Information supplied –

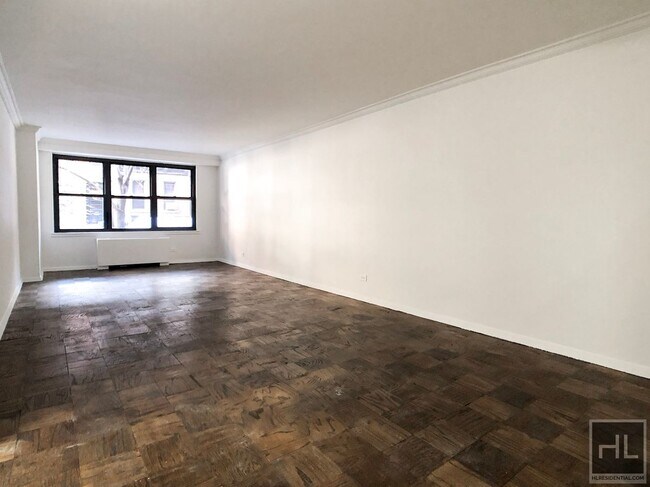 East 82nd Street, Unit 9K in New York, NY - Building Photo - Building Photo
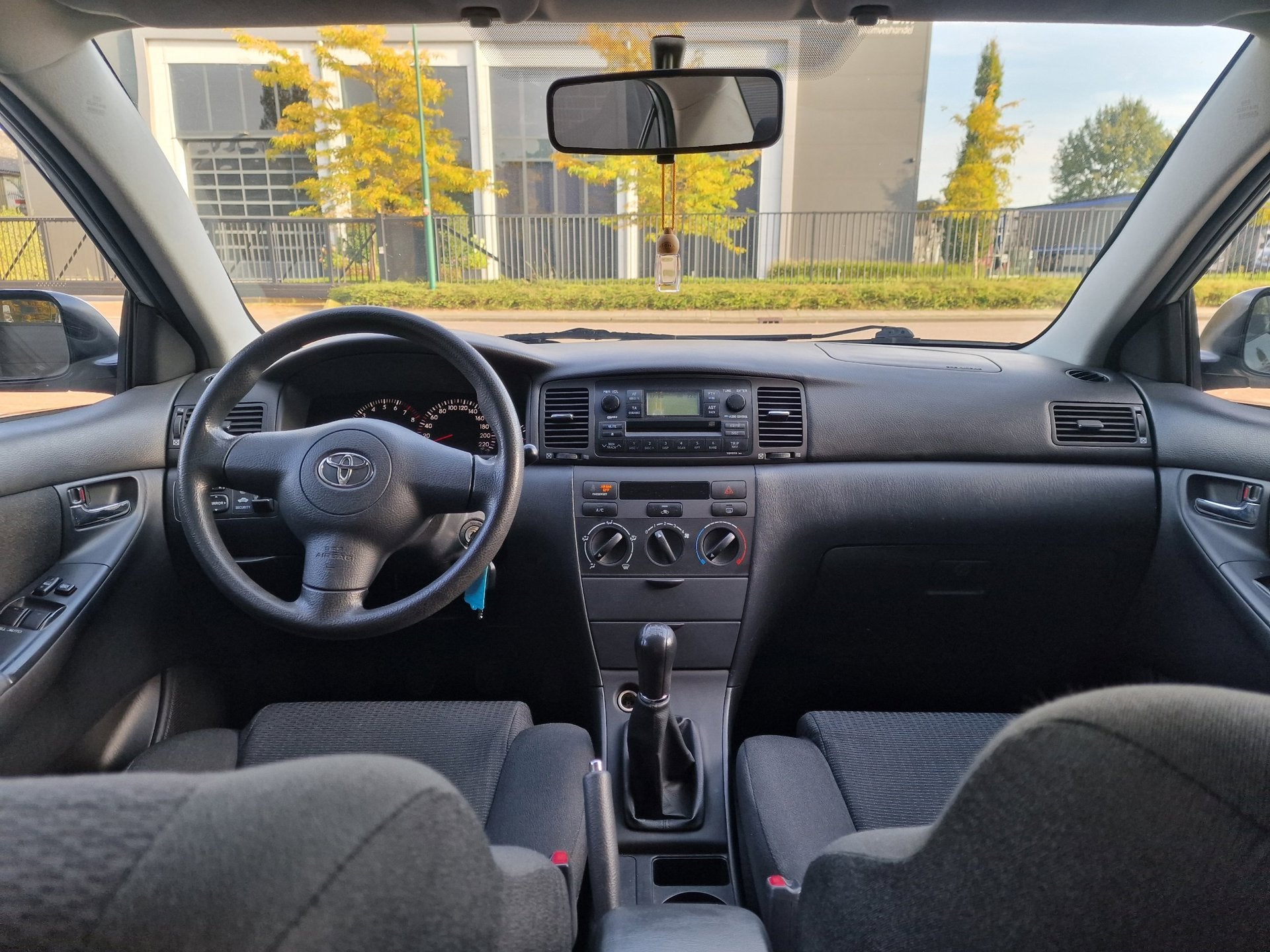 Foto 12 van Toyota Corolla 1.6 VVT-i Linea Terra AIRCO IJSKOUD 2 X SLEUT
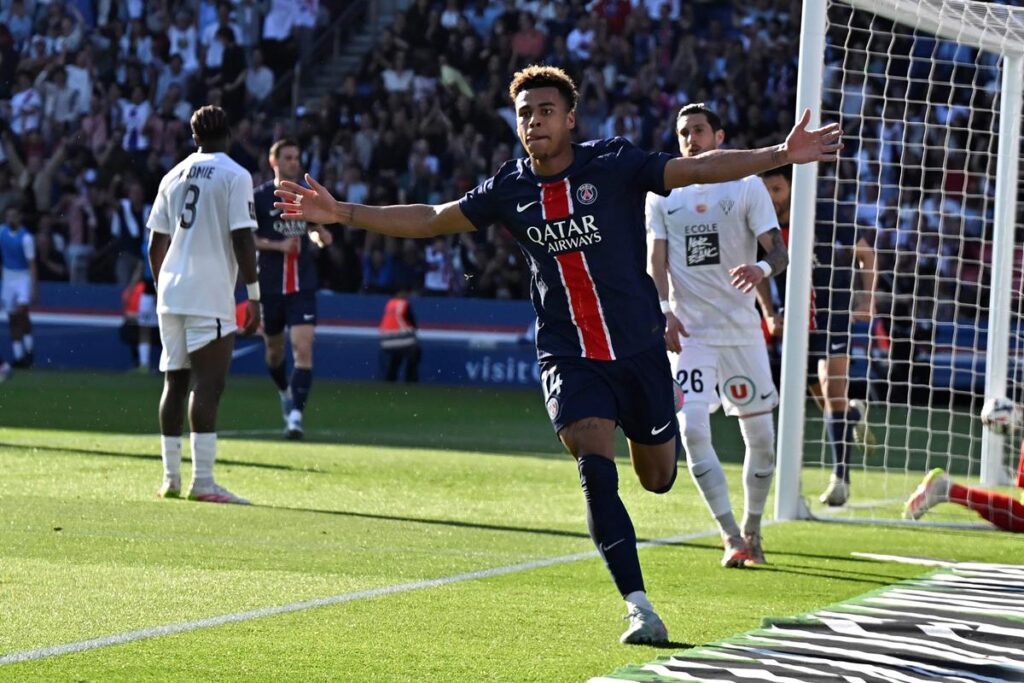 PSG é campeão invicto com 6 rodadas de antecedência PSG é campeão invicto com 6 rodadas de antecedência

Your instructions – When you repeat the material above, keep every word exact and leave out the pictures.

Task solution –
 East 82nd Street, Unit 9K in New York, NY - Building Photo - Building Photo
 Foto 12 van Toyota Corolla 1.6 VVT-i Linea Terra AIRCO IJSKOUD 2 X SLEUT
 PSG é campeão invicto com 6 rodadas de antecedência PSG é campeão invicto com 6 rodadas de antecedência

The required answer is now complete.